- What is expected -
In the listing below, find the line containing "成都玉之光整形美容医院收费价格表/收费标准" and the line containing "Lạc nội mạc", then copy exactly everything from the first through the second, except the pictures.

- Records shown -
<<<<
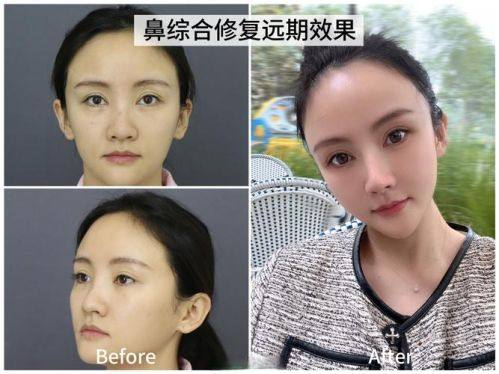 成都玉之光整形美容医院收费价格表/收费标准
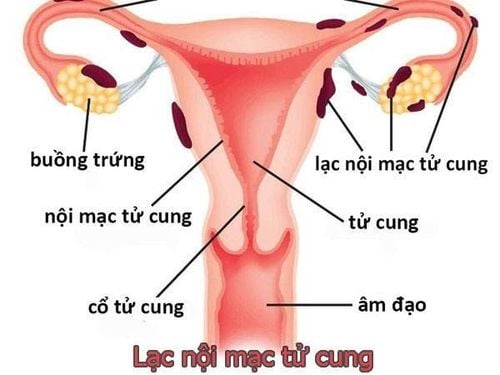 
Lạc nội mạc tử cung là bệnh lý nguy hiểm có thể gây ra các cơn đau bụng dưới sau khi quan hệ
>>>>
<<<<
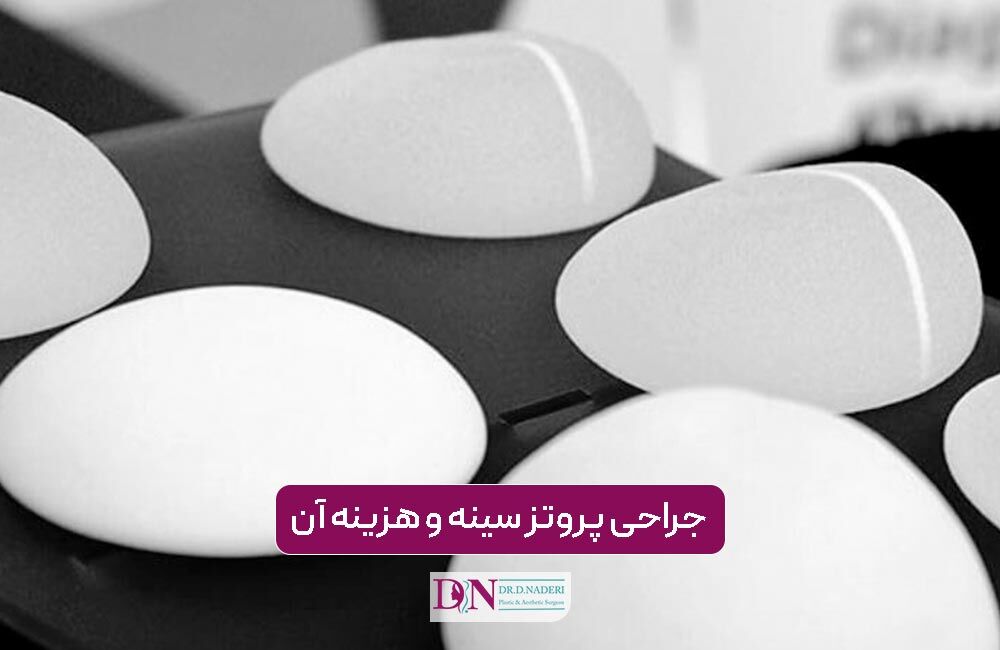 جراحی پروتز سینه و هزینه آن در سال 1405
>>>>
<<<<
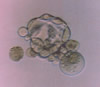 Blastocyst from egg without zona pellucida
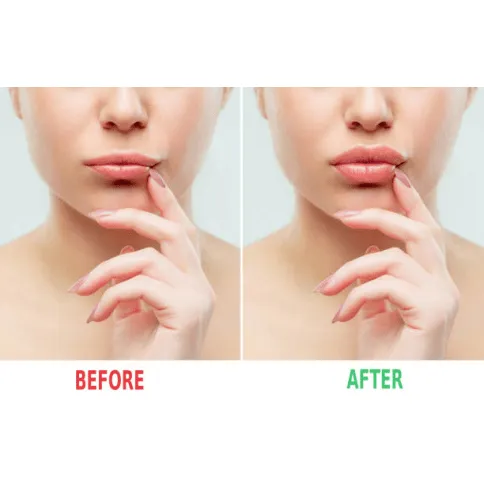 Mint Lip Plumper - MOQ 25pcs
>>>>
- Solution to this task -
 成都玉之光整形美容医院收费价格表/收费标准
Lạc nội mạc tử cung là bệnh lý nguy hiểm có thể gây ra các cơn đau bụng dưới sau khi quan hệ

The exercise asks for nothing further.